### Exercise input ###

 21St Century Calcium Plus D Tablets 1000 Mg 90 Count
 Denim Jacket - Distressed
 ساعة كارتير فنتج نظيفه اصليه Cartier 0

###
### Exercise input ###

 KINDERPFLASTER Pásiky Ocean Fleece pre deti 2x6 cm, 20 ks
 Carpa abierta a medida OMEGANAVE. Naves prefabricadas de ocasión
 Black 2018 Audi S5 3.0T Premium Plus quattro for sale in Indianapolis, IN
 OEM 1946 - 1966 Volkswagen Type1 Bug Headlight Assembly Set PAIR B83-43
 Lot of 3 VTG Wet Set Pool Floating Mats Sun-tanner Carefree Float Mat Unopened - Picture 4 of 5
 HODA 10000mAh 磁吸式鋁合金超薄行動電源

###
### Exercise input ###

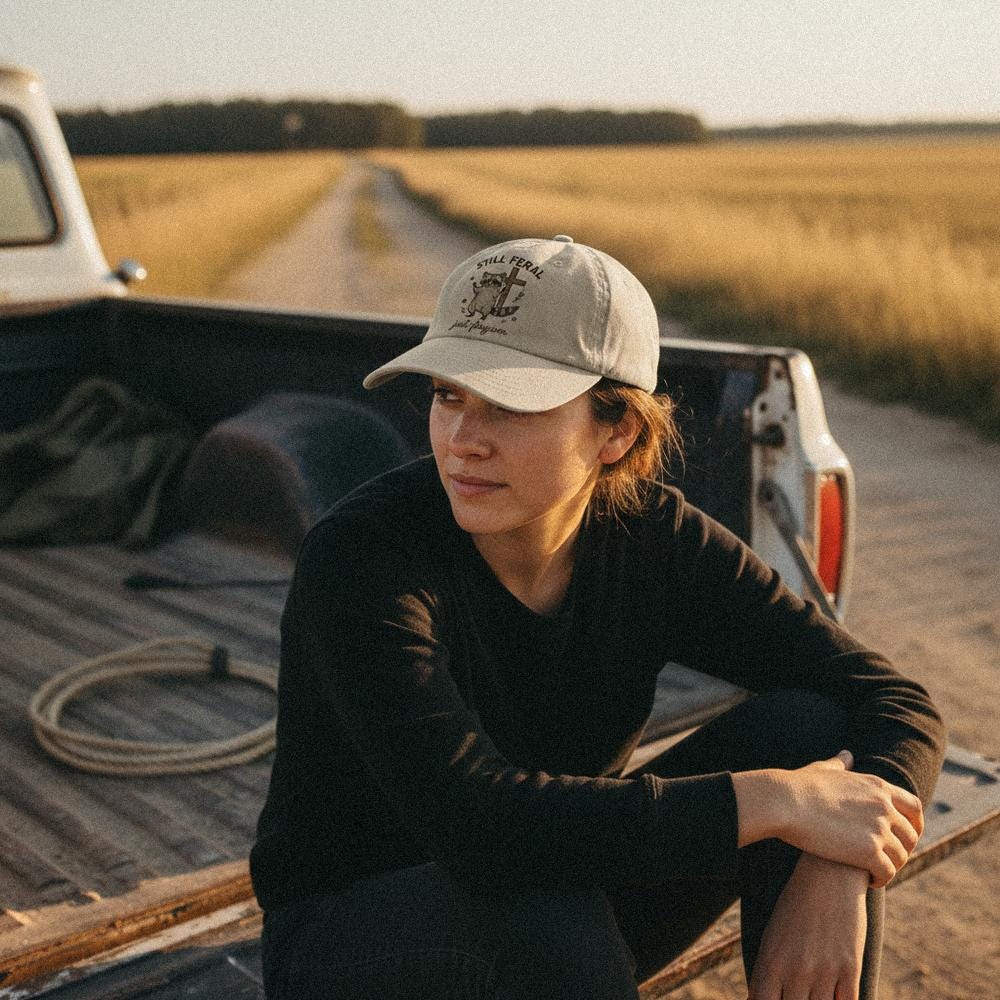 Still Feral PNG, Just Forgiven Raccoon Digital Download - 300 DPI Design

###

State the number of lines in this listing that contain the string "Plus", and add nothing else.

2